Still, he didn’t want to alarm these poor people any more than he apparently had already, so he waited until they had gone inside the main building before opening the truck’s door and climbing down to the pavement.
And then he stopped for a few moments and gazed almost vertically upward at a bright prodigy blotting out much of the sky.
Visible nearby, out the truck’s side windows, had been a pair of stout pillars: steel tubes, anchored to concrete plinths by nuts the size of his head, erupting vertically until they passed above his field of view. Now that he was outside, though, he could follow them up and see what they supported: a sign that, laid flat, would have covered half of a football field. It was thrust high into the air so that it could be recognized by travelers from miles away. It was a cartoon rendering of a smiling and winking man with a white cowboy hat pushed jauntily back on his head. He wore a checked shirt. One hand was extended invitingly toward the truck stop. The other hand was thumb-hooked into a wide orange belt with a buckle shaped like Texas. Below that, the sign consisted of huge glowing letters: t.r. mick’s.

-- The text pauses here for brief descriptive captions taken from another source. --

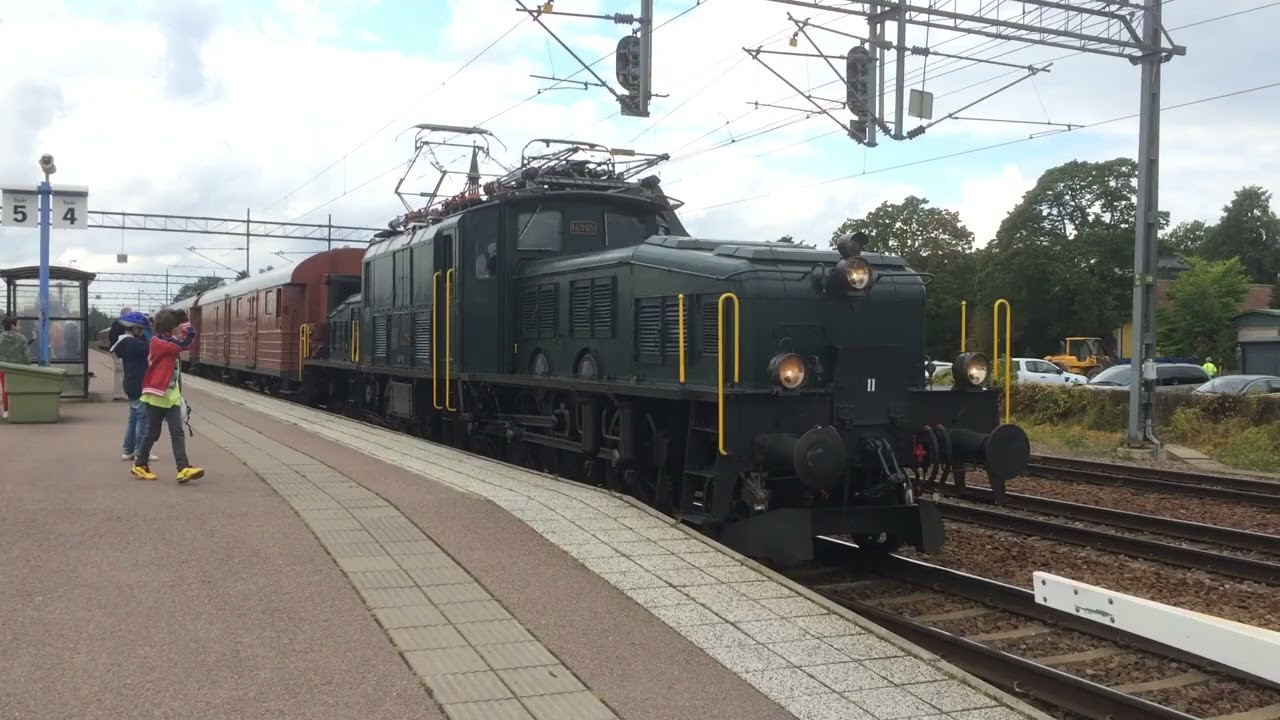 Krokodilen l&auml;mnar Storviks station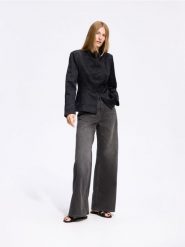 Jeansy wide leg z wysokim stanem - szary. Szare jeansy damskie Reserved, z podwyższonym stanem. Za 139.99 zł.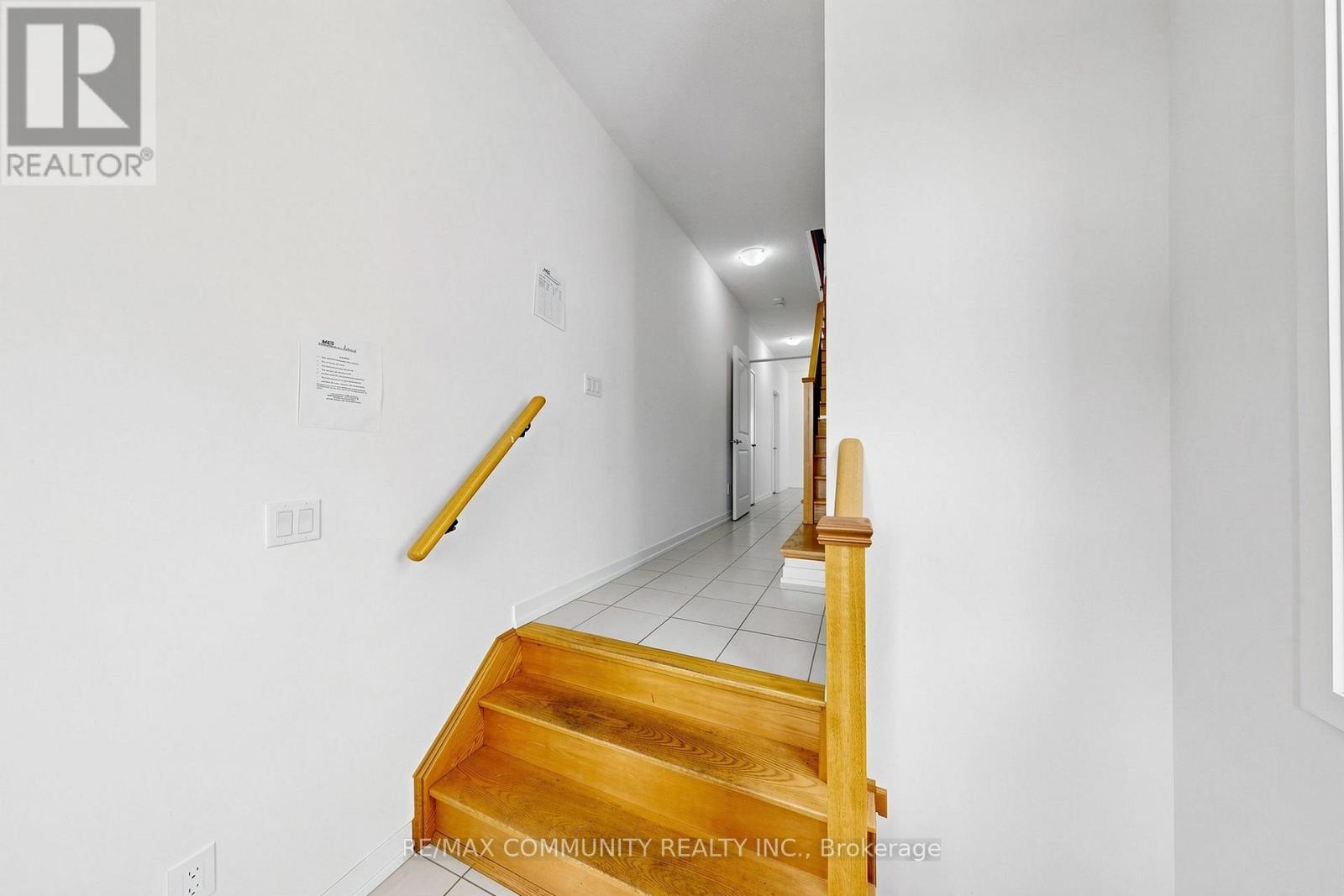 221 Harding Park Street, Newmarket, ON photo 5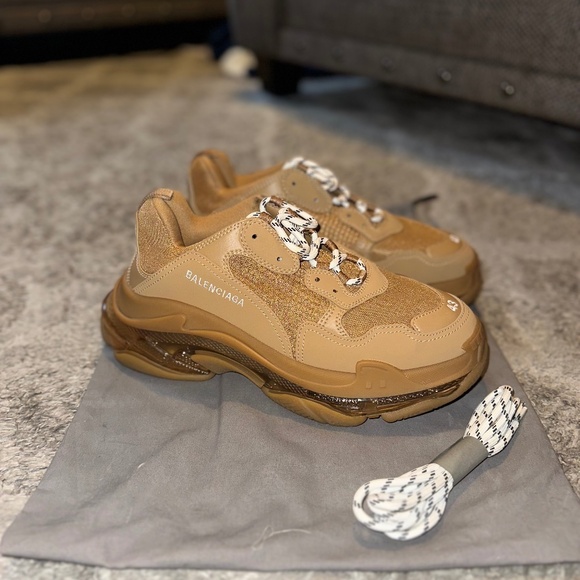 Balenciaga Triple S Sneakers Tan Brown Size 43 / US 9 – Like New w/ Dust Bag & E - Picture 1 of 4
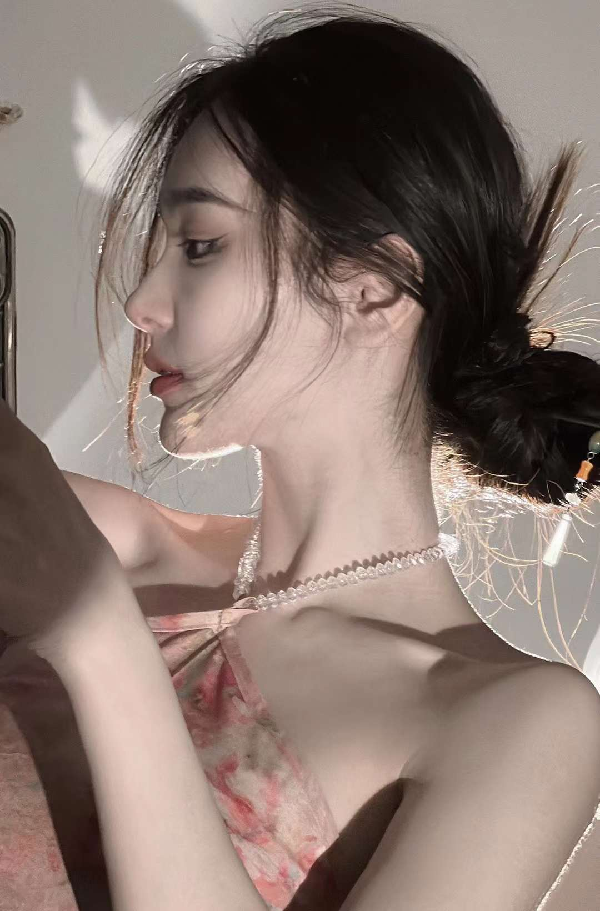 媚娘最新美照，闪闪发光迷人！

Some kind of chain operation, evidently.
When Laks had had his fill of that and enjoyed the starry sweep of the big western sky, he lowered his gaze and began walking in toward the central building. A moving walkway was available. Normally he’d have walked, just to stretch his legs, but his inner ear was acting up suddenly, as if trying to pull him back to the truck. So he stepped aboard and grabbed the handrail. In the distance behind him, barely perceptible under the whoosh of tires on the interstate, he could hear the comforting whir of drones shadowing him in the dark.